Os Reis da Rua (Street Kings),
de David Ayer (EUA, 2008)
por Paulo Santos Lima

Um filme do seu momento,
mas não de momentos

O nome de James Ellroy não está à toa nos créditos de Os Reis da Rua: escritor americano que assinou o roteiro de pelo menos um célebre longa (Los Angeles – Cidade Proibida) e autor do livro que serviu de base ao Dália Negra de Brian De Palma, Ellroy é uma “marca de qualidade” dentro do gênero policial. Mais precisamente, na produção cinematográfica que prossegue com uma tradição fundada 30, 40 anos atrás: a dos filmes policiais distópicos, cujos universos diegéticos são insolúveis e seus personagens em situações-limite e falidos em seus projetos de reorganizar e limpar as coisas. Uma tradição que, menos e mais, está presente em praticamente toda a produção do gênero. Tradição que, poucas vezes ou atenuadamente, já aparecia no cinema americano dos anos 50 (as fitas de Fuller, o Aldrich de A Morte num Beijo), e que, nos anos 60 e 70, adota estilos mais modernos e radicaliza a exposição – como em Bullitt (68), Operação França (71), Serpico (73) e Chinatown (74). Tradição perseverante, sem dúvida, mas que hoje, na maioria dos casos, apresenta-se diluída em seu discurso estético. Tradição que, em vez da veemência, claro posicionamento sobre o mundo que transfigurava para a tela; ou um deboche bastante perturbador presentes nas décadas atrás, adota hoje o cinismo. Tradição “atualizada” e presente neste Os Reis da Rua.

O filme expõe um sistema mal funcionando, ilustrado a partir do LAPD (Departamento de Polícia de Los Angeles) para aludir o macro: o sistema legal, a sociedade acomodada, a corrupção generalizada etc.
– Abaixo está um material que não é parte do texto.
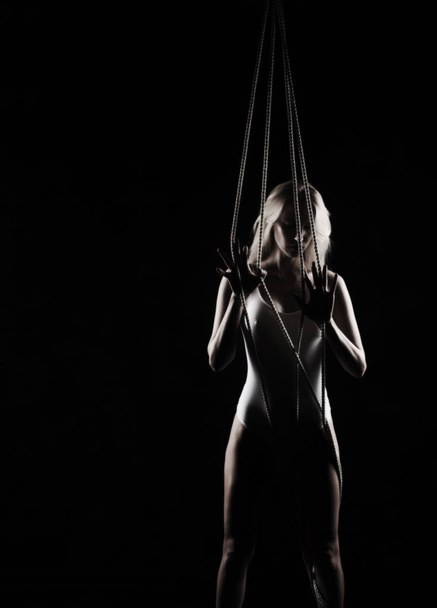 Beautiful slender blonde girl with big breast and nipples appearing through clothes, wearing a white bodisuit, sensually plays with the ropes on black. Artistic noir silhouette photo. Copy space. - Фото, зображення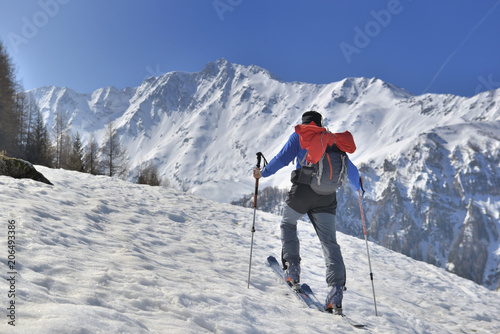 man climbing snowy mountain in touring ski under blue sky 
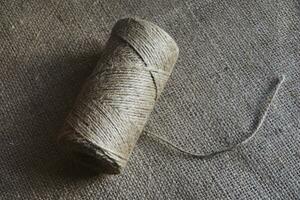 Skeins of thread on burlap. Yellow threads on coarse cloth. photo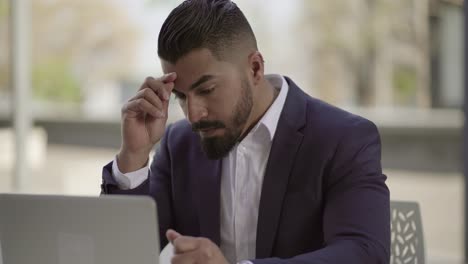 hombre de negocios serio trabajando con computadora portátil al aire libre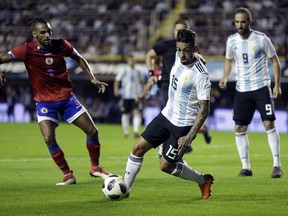FILE - In this Tuesday, May 29, 2018 file photo, Argentina's Manuel Lanzini controls the ball as Haiti's Fabien Vorbe, left, watches during a friendly soccer match in Buenos Aires, Argentina. Argentina says midfielder Manuel Lanzini has torn a ligament in his right knee, ruling him out of the World Cup. Argentina says that Lanzini injured his leg while the team trained in Barcelona, Spain on Friday, June 8, 2018.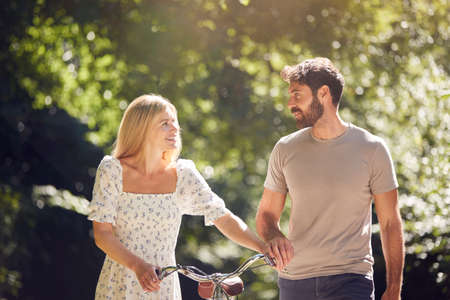 Couple Walking Along Summer Countryside Path Pushing Bike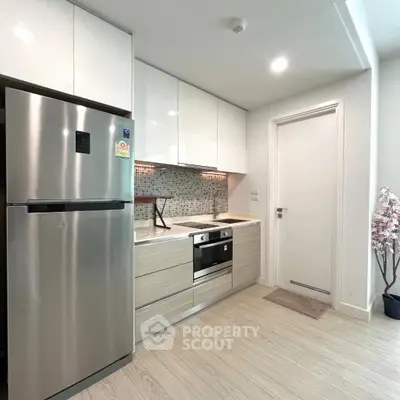 Modern kitchen with sleek appliances and stylish cabinetry in a contemporary apartment.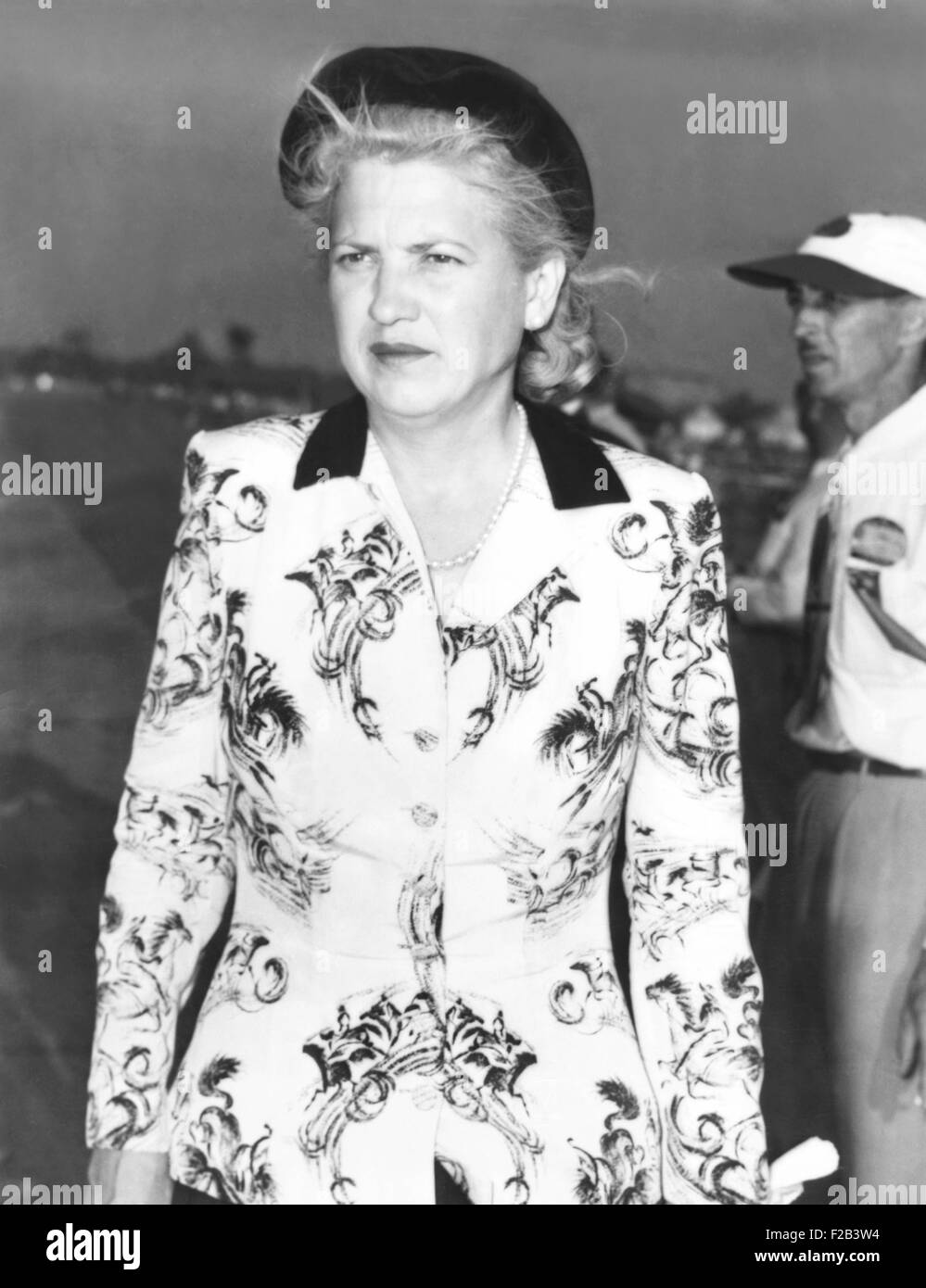 A somber Jacqueline Cochran, owner of the P-51C Mustang, that crashed in the Thompson Trophy Race. Sept 5, 1949. Pilot Bill Odum was killed, as were a young mother and her toddler, when the plane flew into a house in Berea, a suburb of Cleveland. The fatal crash contributed to the air races suspension. - (CSU 2015 5 39) Stock Photo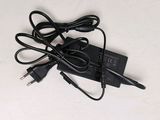 a charger that is plugged in to a laptop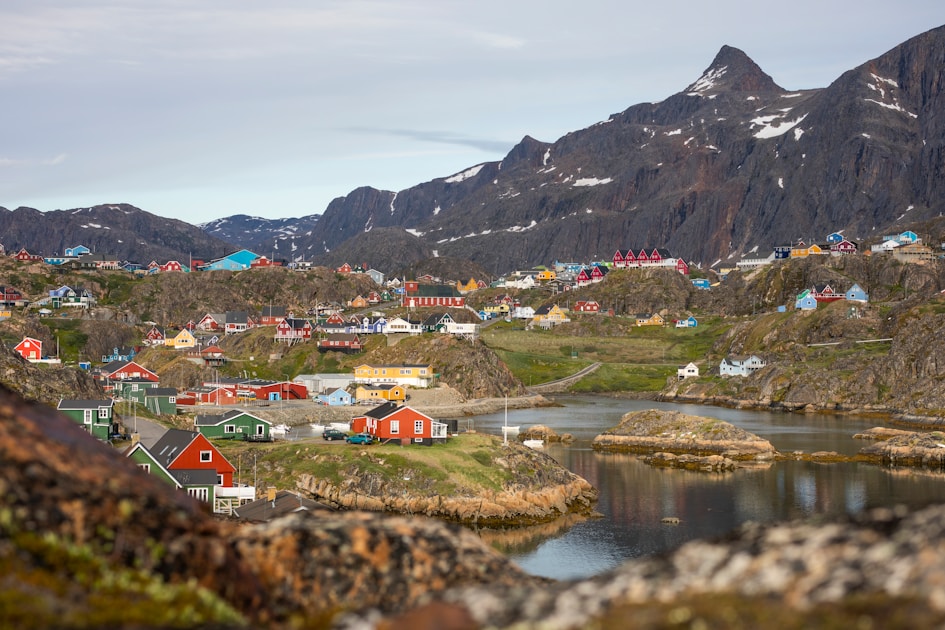 houses near lake and mountain during daytime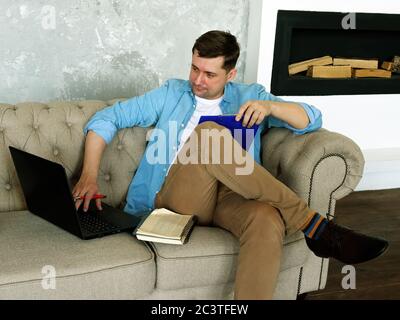 Remote-Arbeit. Ein junger Mann arbeitet zu Hause mit einem Laptop und Dokumenten. Stockfoto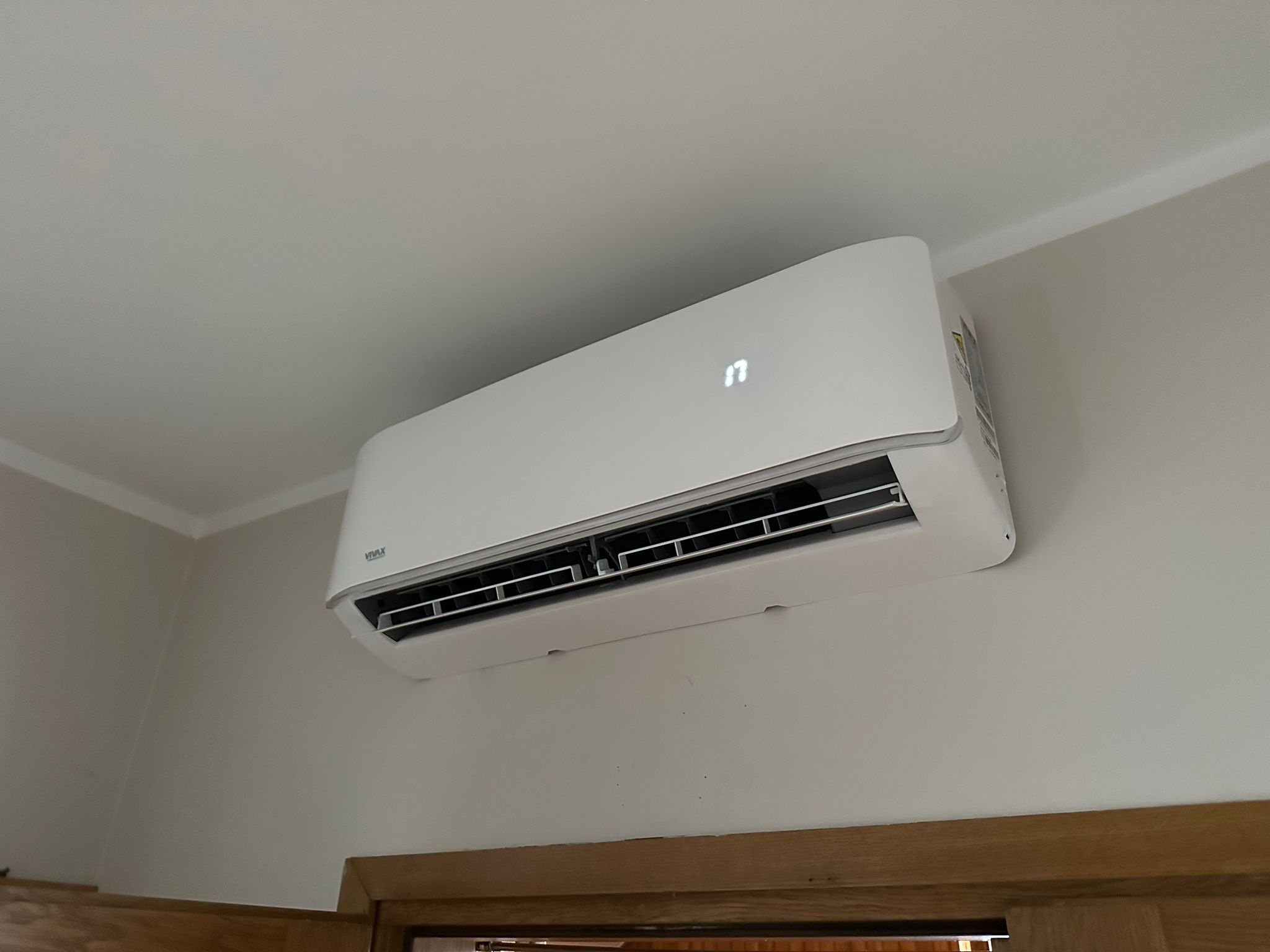 Biała klimatyzacja VIVAX zamontowana na ścianie w pomieszczeniu, wyświetlająca temperaturę 17 stopni Celsjusza.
O norte é sobremaneira dramatúrgico, pois o filme puxa a nossa atenção ao drama pessoal do detetive Tom Ludlow (Keanu Reeves), que, somados as várias vodcas tomadas ao volante da diligência policial, a solidão e franco transtorno no semblante deste homem, criam um caudaloso material dramático. O que, por outro lado, espraia as reais motivações violentas deste personagem, que é um policial horripilante em seus excessos de justiçagem (exterminar hediondos traficantes, por exemplo) que ultrapassam o estado de Direito. Seu superior, Jack Wander (Forest Whitaker), o acoberta, já que Tom é peça útil na limpeza da criminalidade, o que é um grande estandarte para o alpinismo político do chefe. Mas não só: o filme também parece resguardar seu personagem (como, coincidentemente talvez, fazia Los Angeles – Cidade Proibida com seu truculento tira interpretado por Russell Crowe).

O fato, em Os Reis da Rua, é que Tom Ludlow age a respeito de algo que o antecede (a morte da mulher) e que precede o próprio filme: a insolubilidade dos problemas do mundo, referência que nós, espectadores, inevitavelmente fazemos. Há nisso uma ambigüidade malandra, um comentário esgarçado sobre a insolubilidade do mundo, além de um final cínico que nos mostra algumas justiças calmantes (como exterminar o vilão da trama), mas gritando a nós que é um filme “esperto” (porque não mata o vilão do mundo, o que aproxima este longa de Cidade de Deus, de Fernando Meirelles, pois ambos os protagonistas são devidamente sagazes, safam-se da foice do mundo e ainda saem por cima, avistando a desgraceira alheia a uma certa distância). Tom olha triste a degradação moral e inoperância do sistema, e não com o sorriso canalha do Buscapé da fita de Meirelles, mas o mar no qual navega este Os Reis da Rua é o da dramaturgia, da trama, e daí a necessidade do cinema ser arterial, aqui.

Alguns longas da blaxploitation eram extremamente mal dirigidos, toscos mesmo, mas ainda assim havia uma premência do momento, um fazer cinematográfico inédito nos riscos, escorregões, garranchos de câmera e tudo o mais ao que estavam sujeitos aqueles cineastas que se posicionaram com câmera a mostrar algo outro. Longe do ineditismo ser o diamante do cinema, mas, hoje, sobretudo com um discurso completamente alinhado ao seu tempo histórico (no qual “tudo já foi visto e conhecido” ao passo em que se vive sob verdades múltiplas – portanto, sob verdade nenhuma –, em que tudo se relativiza e é visto a partir das complexidades, o que dificulta qualquer certeza), é necessário, então, que o cinema honre um filme. Se um Sidney Lumet (em Antes que o Diabo Saiba que Você Está Morto, 2007), Martin Scorsese (Os Infiltrados, 2006) e David Mamet (Spartan, 2004) conseguem algo, jamais é pelo ineditismo, mas sim pelo momento – o momento da experiência cinematográfica, com a câmera atenta a um certo momento do ator na cena, uma mise-en-scène interessante, um argumento que consiga trazer algo de inusitado do modelo usual.

David Ayer, diretor de segunda, mais renomado pelos roteiros de Dia de Treinamento, Velozes e Furiosos e do horrendo S.W.A.T., não tem olho para usar a câmera, fazer escolhas para, assim, construir suas cenas – ou a cena, o que é bastante complicado num filme de dramaturgia. Ayer, claro, está em seu momento histórico, mas não fazendo o seu momento histórico. Ou isso pouco importa, pois ao passo que Scorsese dialoga com uma história do cinema sob riscos sérios ao seu corpo-cineasta, Lumet parece fazer o mesmo filme há séculos e, de repente, nos últimos anos, nos trouxe tanto essa fita de 2007 como o extraordinário “teatro-filmado de tribunal” Find me Guilty (2006). Hoje, o que restou é justamente aquilo que sempre foi o sangue nas veias da realização cinematográfica, que sempre esteve entre os primeiros e recentes filmes policiais críticos, entre os avant-garde do gênero e suas reproduções: o salto bem dado para o mergulho idem. E não é um problema de câmera errada, mas de erro de câmera. Erro de onde e para quê estar.